The amount of gasoline sold each month to customers at Bob's Exxon station in downtown Navasota is a random variable. This random variable can be described as having a normal distribution with mean 2500 gallons and a standard deviation of 200 gallons (and there is no seasonal variation in sales).

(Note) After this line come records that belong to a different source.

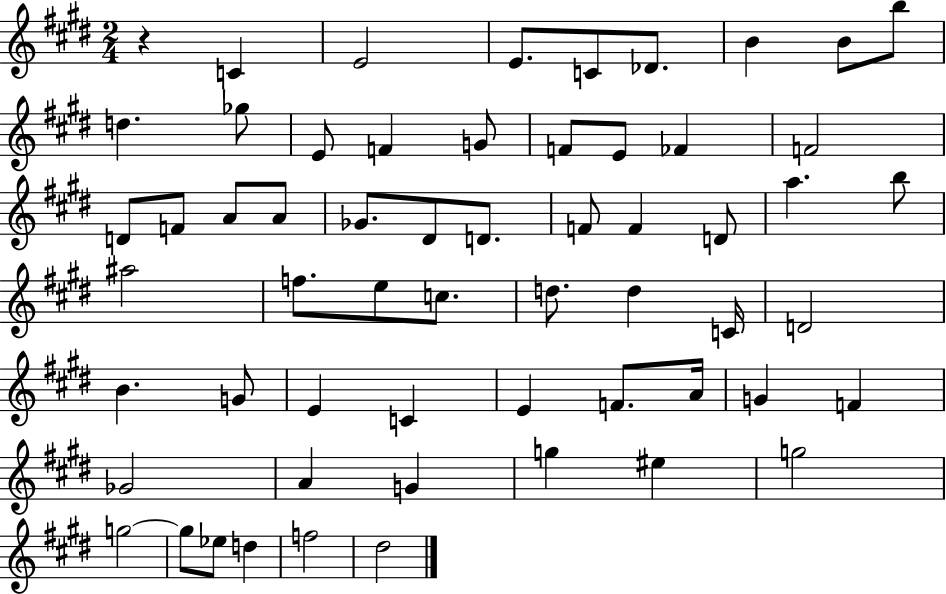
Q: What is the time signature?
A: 2/4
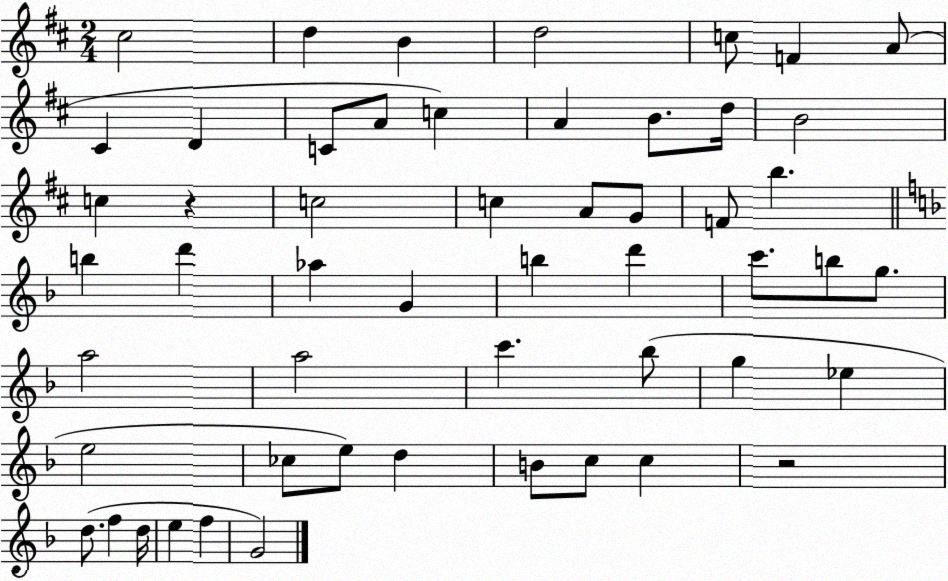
X:1
T:Untitled
M:2/4
L:1/4
K:D
^c2 d B d2 c/2 F A/2 ^C D C/2 A/2 c A B/2 d/4 B2 c z c2 c A/2 G/2 F/2 b b d' _a G b d' c'/2 b/2 g/2 a2 a2 c' _b/2 g _e e2 _c/2 e/2 d B/2 c/2 c z2 d/2 f d/4 e f G2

Exxon will give Bob an all-expense paid trip to College Station, including a free dinner at Burger King, if his station pumps more than 2800 gallons in any one month.
What is the probability that Bob will win that wonderful trip on the basis of his gasoline sales this month?

Answer 1

Answer:

The probability that Bob will win that wonderful trip on the basis of his gasoline sales this month

P(X≥ 2800) = P(Z₁≥1.5) = 0.0768

Step-by-step explanation:

Step(i):-

Mean of the Population (μ) = 2500 gallons

Standard deviation of the population (σ) =200 gallons

Let 'X' be a random variable in Normal distribution

Given X = 2800

$Z = \frac{x-mean}{S.D} = \frac{2800-2500}{200} = 1.5$

Step(ii):-

The probability that Bob will win that wonderful trip on the basis of his gasoline sales this month

P(X≥ 2800) = P(Z₁≥1.5)

                  = 0.5 - A(Z₁)

                 =  0.5 - A(1.5)

                 =   0.5 -0.4232    ( from normal table)

                = 0.0768

Conclusion:-

The probability that Bob will win that wonderful trip on the basis of his gasoline sales this month

P(X≥ 2800) = P(Z₁≥1.5) = 0.0768